By Jason Alderman
One of the pitfalls of Congress passing complicated, sweeping legislation is that sometimes provisions designed to protect one group unexpectedly create hardships for others. That’s what happened with 2009’s Credit Card Accountability Responsibility Disclosure (CARD) Act, which was hailed as legislation that would protect consumers from misleading credit practices.
Among other things, the CARD Act requires that people under 21 must have an adult co-signer in order to open a credit account unless they can prove their ability to repay their account balance. This provision was designed to prevent young adults from assuming more debt than they can afford and then being unable to pay it off, thereby ruining their credit standing.
So far, so good.
Then, in 2011 the Federal Reserve finalized rules around the CARD Act’s “ability to pay” provision. It stated that credit card issuers generally could only consider an applicant’s independent income or assets before issuing a new card or increasing a credit limit, not his or her access to the household’s overall income.

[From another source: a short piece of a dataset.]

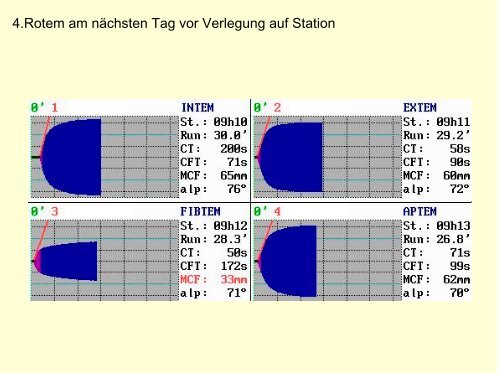 Milzhämatom bei Thrombopathie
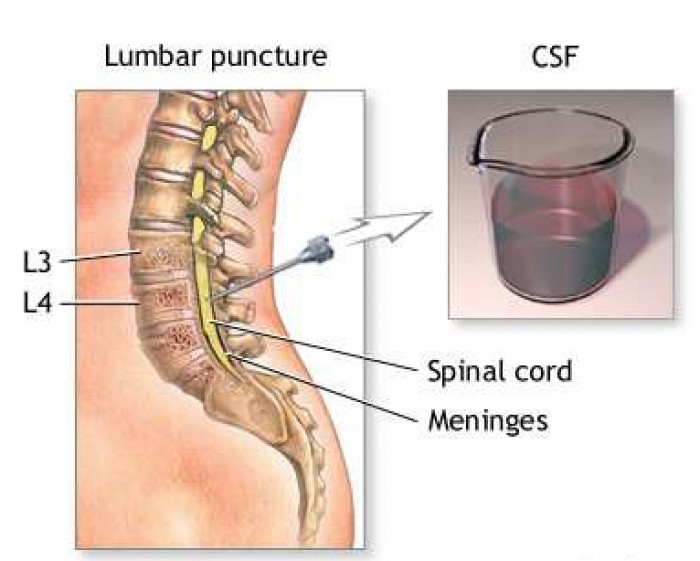 Lumbar puncture What is it?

An unintended consequence soon emerged: As a result of the ability-to-pay rule, many spouses or partners over age 21 who don’t work outside the home suddenly found they were unable to open separate credit accounts in their own name, regardless of whether or not they had access to their working spouse/partner’s income.
Establishing one’s own credit history is crucial to gaining favorable interest rates and access to credit, especially when non-working spouses get divorced or their spouse dies unexpectedly. Thus many consumers (and their Congressional representatives) were upset. Their displeasure reached the ears of the Consumer Financial Protection Bureau (CFPB).

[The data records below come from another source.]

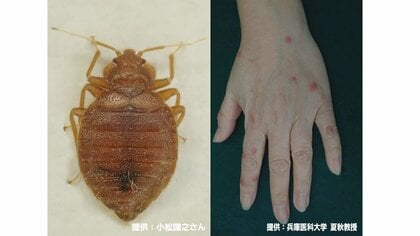 韓国で2023年後半問題に…日本にも持ち込まれている「トコジラミ」人の血を吸い判断材料は“黒いシミ”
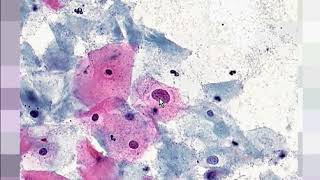 Cervix High grade squamous intraepithelial lesion HSIL Pap smear [upl. by Eerrehc861]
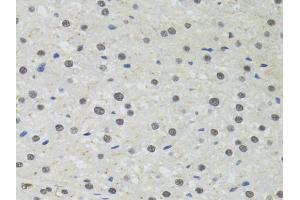 Immunohistochemistry of paraffin-embedded rat liver using PPP4C antibody (ABIN5971135) at dilution of 1/100 (40x lens). (PPP4C antibody)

Fast forward to October 2012, when the CFPB released a proposal that was expected to ease credit rules for stay-at-home spouses or partners. After six months of public review, the CFPB issued a formal amendment to the ability-to-pay rule that essentially says credit card applicants who are at least 21 can factor in a third party’s income or assets when applying for credit card accounts if there’s a reasonable expectation they’ll be able to access those funds to make payments. (This includes income of a spouse or partner, although the rule applies to all applicants, regardless of marital status.)

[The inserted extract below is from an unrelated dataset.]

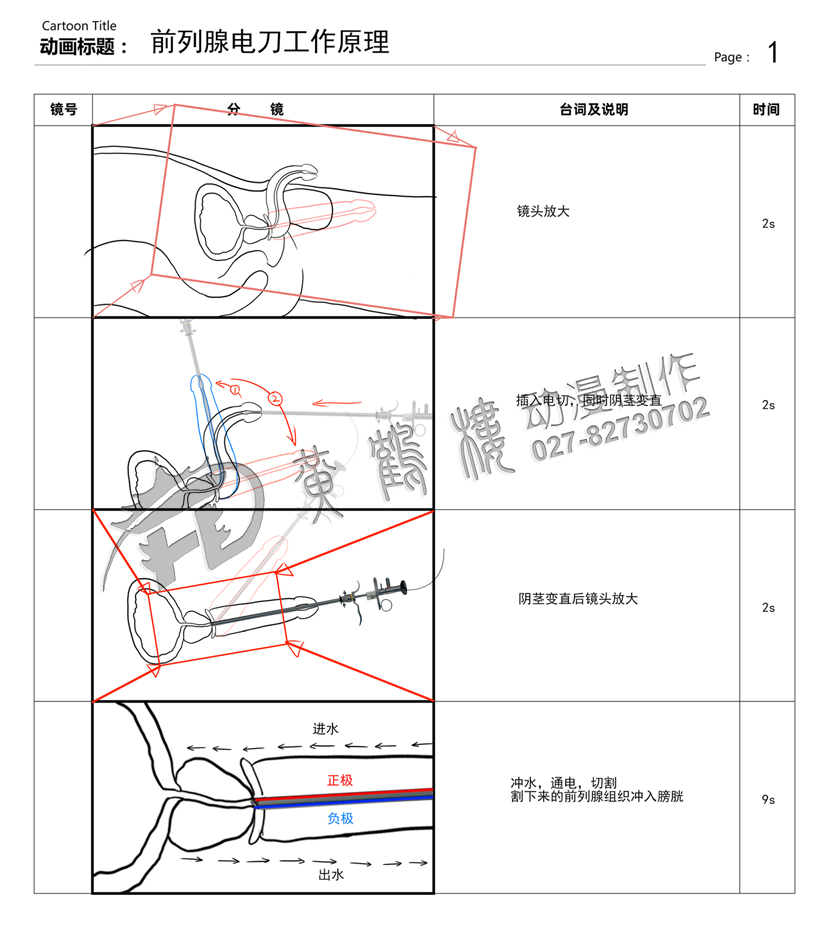 前列腺电切工作原理医疗手术动画分镜头设计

Speaking of unintended consequences, however, remember that even though having at least one credit card or loan in your own name can help you build a strong credit history, it’s important to carefully manage all credit accounts on which you’re named – whether as an individual, cosigner or authorized user – to prevent damage to your credit score.
Having a poor credit score can cost a small fortune over a lifetime. You’ll pay higher rates and have a harder time qualifying for mortgages, car loans and credit cards. To maintain – or improve – your credit score:
- Always pay all bills on time.
- Never exceed credit limits.
- Try to keep your credit utilization ratio (the percentage of available credit you’re using) below 30 percent.
- Don’t automatically close older, unused accounts; 15 percent of your score is based on credit history.
- Each time you open a new account there’s a slight impact on your score, so avoid doing so in the months before a major purchase like a home or car.
Bottom line: Make sure you have credit in your own name, in case you ever need to open a new account based on your own credit history. Just make sure you don’t overextend yourself or mismanage credit you currently have.